Turkey unveiled sweeping cuts in corporate, income and investment taxes on Tuesday, in a push to lure more investment to his EU candidate country amid intense rivalry among emerging markets.
Economists welcomed the move which is expected to take effect from 2006, saying it would help Turkish companies to compete more effectively and said it should not undermine Turkey's latest $10 billion IMF-backed economic programme.
"The cuts in tax rates will increase Turkey's capacity to compete with its neighbours and EU member countries in terms of attracting global capital investments," Prime Minister Tayyip Erdogan told a gathering of his ruling Justice and Development Party (AKP).
"(These changes) will help attract real investments to Turkey and accelerate direct global capital investment."
Erdogan said corporate tax would fall to 20 percent from 30 percent - a bigger cut than expected - and income tax for top bracket earners would decline to 35 percent from 40 percent. Tax for the lowest income earners will remain at 15 percent.
The total tax burden on foreign investment will fall to 28 percent from 37 percent, said Erdogan, who has helped Turkey recover from a deep financial crisis in 2001.
"This is a very strong positive because it shows the government is listening to market concerns given that foreign direct investment (FDI) is important to counter the current account deficit," said Simon Quijano-Evans, senior emerging markets analyst at CAIB/Bank Austria.
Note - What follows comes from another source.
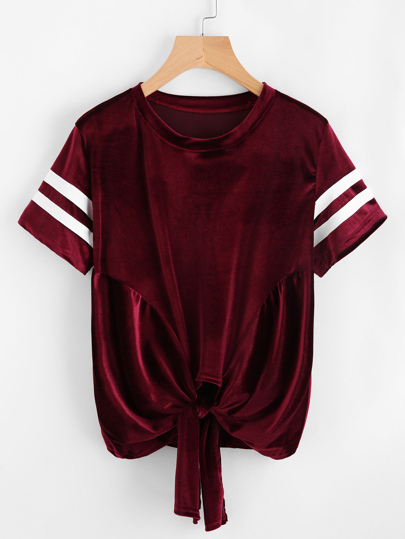 Tee-shirt à rayures en velours avec nœud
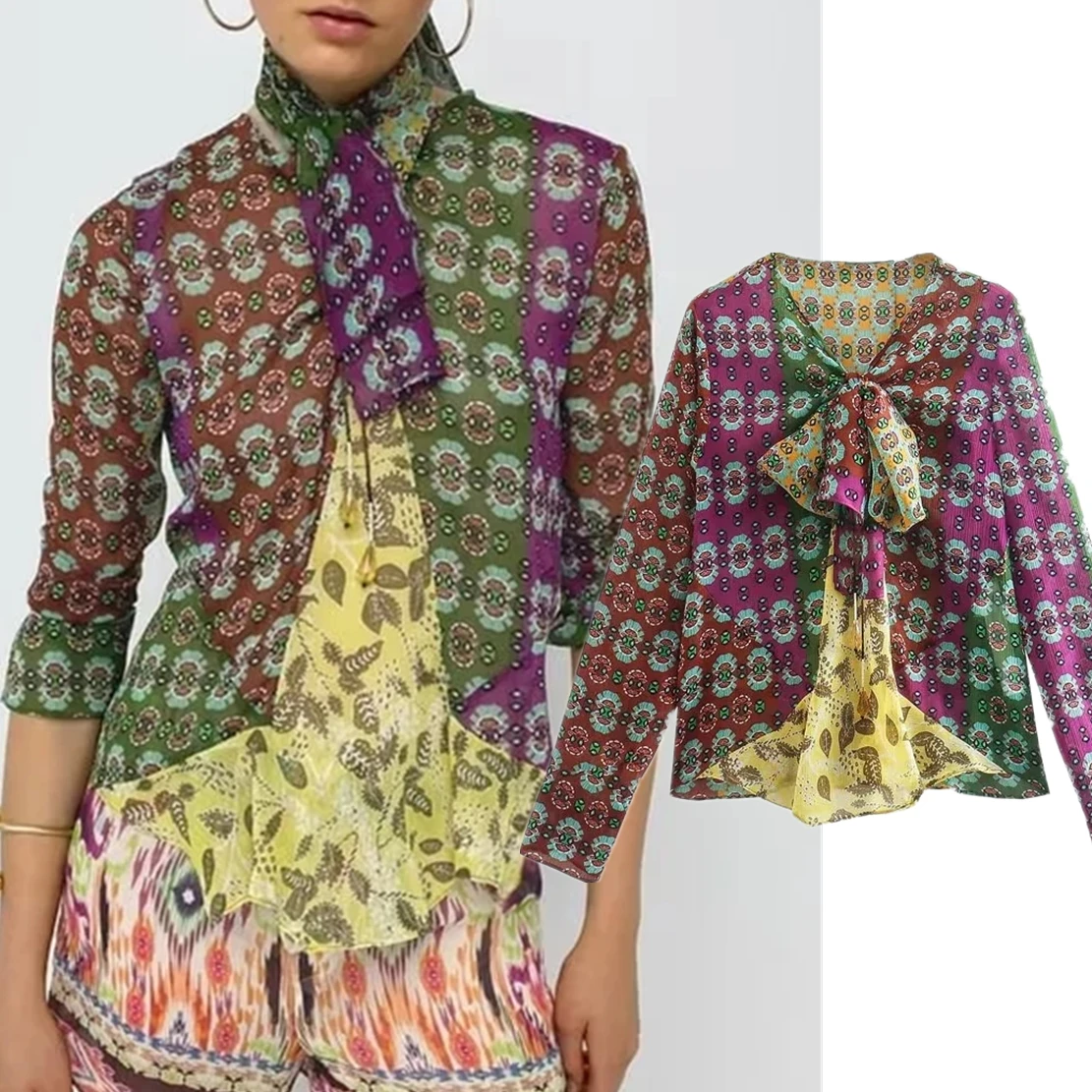 

Jnny & Dave 2022 Indie Этническая винтажная модная блузка с геометрическим рисунком Топы шифоновая рубашка с оборками Повседневная Женская блузка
The tax cuts are expected to contribute to Turkey's competitiveness compared with other emerging market economies such as Poland and Romania.
Turkey's economy is now at its strongest for decades, with growth at 10 percent last year and forecast at five percent for 2005. Inflation has fallen to single figures for the first time in a generation, consumer confidence is back and privatisation are again on track.
The Paris-based Organisation for Economic Co-operation and Development forecast gross domestic product growing by around six percent in 2006 and 2007 on the back of further improvements in domestic and international confidence following the opening of accession negotiations with the EU on October 3.
Erdogan did not specify when the long-awaited tax cuts would take effect, but officials said they would be from 2006. The current account deficit remained a worry, analysts said. It rose to $16.35 billion in the first nine months of 2005 from $10.62 billion a year ago, outstripping all original estimates.
"(The cuts) give Turkey a good competitive stance vis-a-vis EU accession peers as far as FDI is concerned and it's obviously supportive for the ratings outlook," Quijano-Evans said.
If Turkey meets accession conditions, the nation of 72 million is not expected to join the wealthy bloc before 2015.
Finance Minister Kemal Unakitan said separately the 2006 budget had been drawn up after factoring in the planned tax cuts, adding: "The cuts will not create any problem."
Erdogan said his government aimed to simplify the overall tax system to increase its effectiveness and to end the investment incentives scheme.
The International Monetary Fund has said it expects Turkey's planned tax measures for 2006 to meet the original objectives of its $10 billion funding programme with the Fund.
A finance ministry official, who declined to be named, said the cuts in corporate and income taxes would impose a burden of less than two billion lira ($1.48 billion) in the 157.3-billion lira budget for 2006, but the loss would be compensated.